In the 1990s, people said that the internet would change everything. And one of the biggest online opportunities would be B2B (business to business). Companies would sell to each other via the web, cutting out the middleman.
I thought it was a great concept at the time, but perhaps it was a little overhyped. What seemed like a brilliant, multi-billion dollar idea was quietly forgotten about as share prices crashed, and the Credit Crunch laid the global economy low.
Alibaba is the leading B2B platform in the world
Today, Alibaba Holding (NYSE: BABA.US) is the leading B2B platform in the world. It has a market capitalisation of $193 billion. In 2015 it made a net profit of $24.2 billion — more even than Walmart. This is now the profitable retailer in the world. And, not surprisingly, it’s Chinese.
Everyone knows now that China is the workshop of the world. And just about any product that shops around the world sell is sourced from China. And Alibaba is the company that brings these manufacturers, and these shops, together. So it’s no surprise it makes quite a lot of money.
What’s more, Alibaba owns Taobao, which is the Chinese equivalent of Amazon and eBay. And Alipay, the firm’s online payments system, now accounts for half of all online transactions within China.
And it has companies like Tesco and Amazon in its sights
Contrast this with Tesco (LSE: TSCO). This is still, by far, Britain’s leading supermarket. It also sells more items online than any other business in Britain. I shop at Tesco every week, and I think it is still Britain’s best retailer. Yet, the problem is, it is making much less money than it used to. In 2016, analysts predict that this firm will make just 4.78p profit per share, putting in on a P/E ratio of 35.75.

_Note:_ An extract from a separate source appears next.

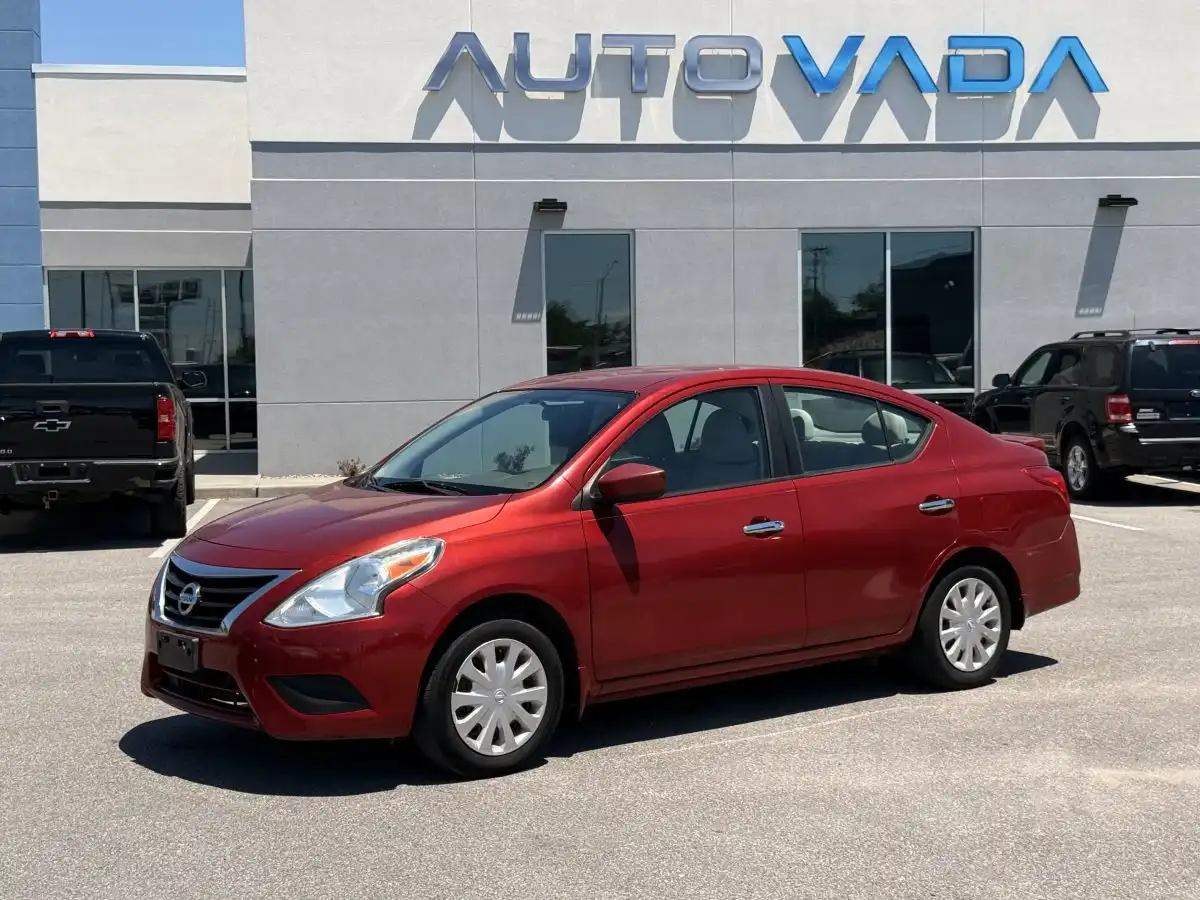 2015 Nissan Versa 1.6 SV CVT's photo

Tesco is no longer the screaming buy it once was, and for many reasons. The supermarket sector in the UK is now overcrowded. In this low-cost, deflationary world, it is companies like Aldi, Lidl and B&M which are growing.
The pace at which the world is changing is a little frightening. Clearly, the centre of gravity of the world is moving inexorably east. If Tesco is to have a better future, it must move with it. That’s why I was a little surprised that it has sold many of its operations in countries such as Thailand and South Korea. To remain one of the world’s leading retailers, it needs a foothold in emerging markets, following the example of businesses such as Unilever and GlaxoSmithKline.
And investors interested in this sector should also look east. Currently Amazon.com has the highest market capitalisation of any retailer. But, even now, it makes far less money than Alibaba.
I think it is only a matter of time before the market capitalisation of Alibaba overtakes Amazon. Investing, by its nature, is about looking to the future, not to the past. If you are thinking of dipping your toe into Far Eastern stocks, I would make Alibaba one of your picks. Because if any company can be called the future of retail, it is Alibaba.